For the quarter, Rivian is expected to report top-line revenue of $1.25 billion, with an adjusted loss per share of $1.33, per Bloomberg consensus estimates. That revenue figure represents a nearly 90% gain from the $663 million reported a year ago. On an adjusted EBITDA basis, Rivian is expected to report a loss of $1.05 billion, narrower than last year’s $1.46 billion loss.
Earlier this month, Rivian reported 13,972 deliveries in Q4, up significantly from a year ago but below consensus estimates of 14,300. Production was notably higher at 17,541 units, above estimates of 16,574.
For the year, Rivian topped its production goal of 54,000 with 57,232 vehicles produced in 2023 and deliveries coming in at 50,122. Rivian’s production forecast for 2024 is pegged at just over 80,000 vehicles for the year, per Bloomberg consensus estimates.
In terms of its full-year financial performance, last quarter Rivian narrowed its full-year adjusted EBITDA loss forecast for 2023 to $4 billion from $4.2 billion and reduced its 2023 capital expenditure guidance to $1.1 billion. Investors will be keying in on whether the Rivian management team was able to meet or even improve on its efficiency goals at the end of Q4.

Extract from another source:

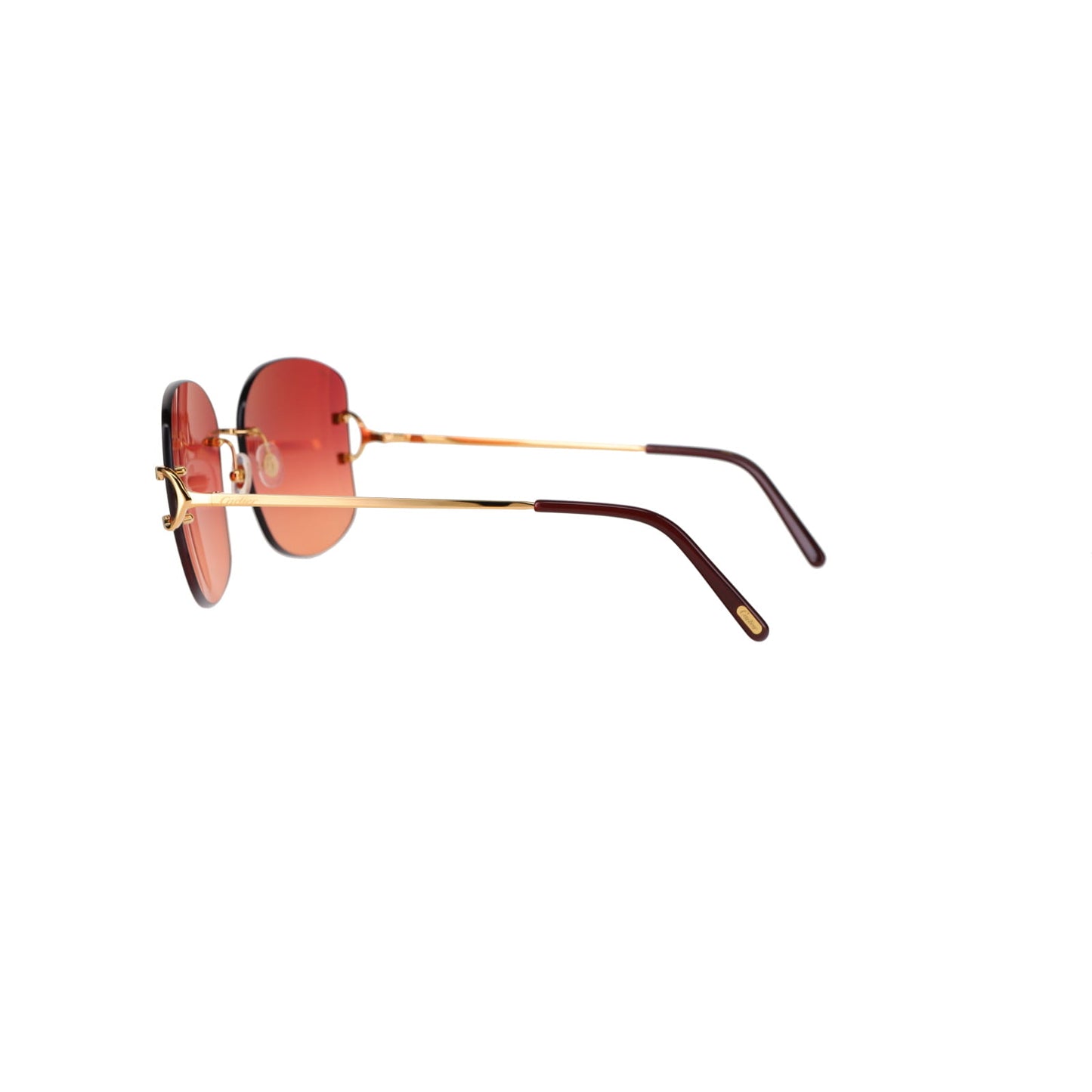 CT0037RS Signature C Sunglasses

Looking ahead, Rivian had forecast reaching “positive gross profit” by the end of 2024, with CFO Claire McDonough aiming for contribution margin profitability at the end of 2023 with R1 vehicles that featured newly updated pricing.

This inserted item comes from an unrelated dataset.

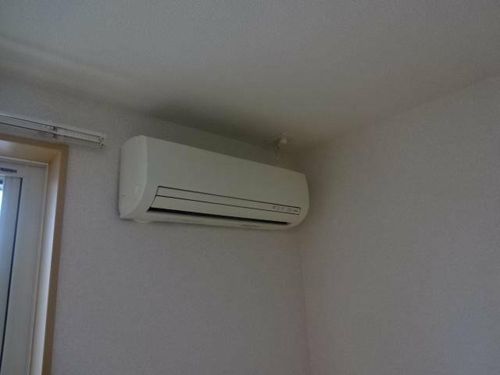 チェリーツリーのその他画像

Rivian’s profitability plans are paramount to the investor thesis for the company — and for its survival. Pure play EV makers like Rivian, Lucid (LCID), and Fisker (FSR) have seen their shares hammered over the past year as a string of loss-producing quarters and a tough EV demand environment have left investors with little patience for underperformance.
For Rivian, that means watching the company’s profit and cost outlook for 2024. Wall Street expects Rivian to forecast an adjusted EBITDA loss for 2024 of $2.55 billion, with its capital expenditure outlays estimated at $2.37 billion.
Speaking of capital expenditures, Rivian will reveal on March 7 its more affordable R2 EV, which will be built at its upcoming $5 billion Georgia assembly plant. Rivian is aiming for the plant to be completed by 2025, with new R2 vehicles rolling off the line in 2026.
CFRA analyst Garrett Nelson, who has a Hold rating on Rivian ahead of earnings, noted what’s at stake for Rivian as 2024 unfolds.
“While the company has a tailwind in the form of plummeting lithium-ion battery costs, we believe RIVN has a demand issue and it lacks the scale needed to compete with larger automakers,” he wrote in a note to investors last month. “Furthermore, free cash flow losses will likely worsen while the company builds its new factory in Georgia.”
“The consequences of weak demand are significant,” added Barclays analyst Dan Levy in a note to investors last week, in which the investment bank downgraded Rivian stock to Hold from Buy. Levy also raised concerns that Rivian could miss its 2024 target for gross margin profitability.
“It appears that even great product and tech is not enough to avoid the EV winter,” he said.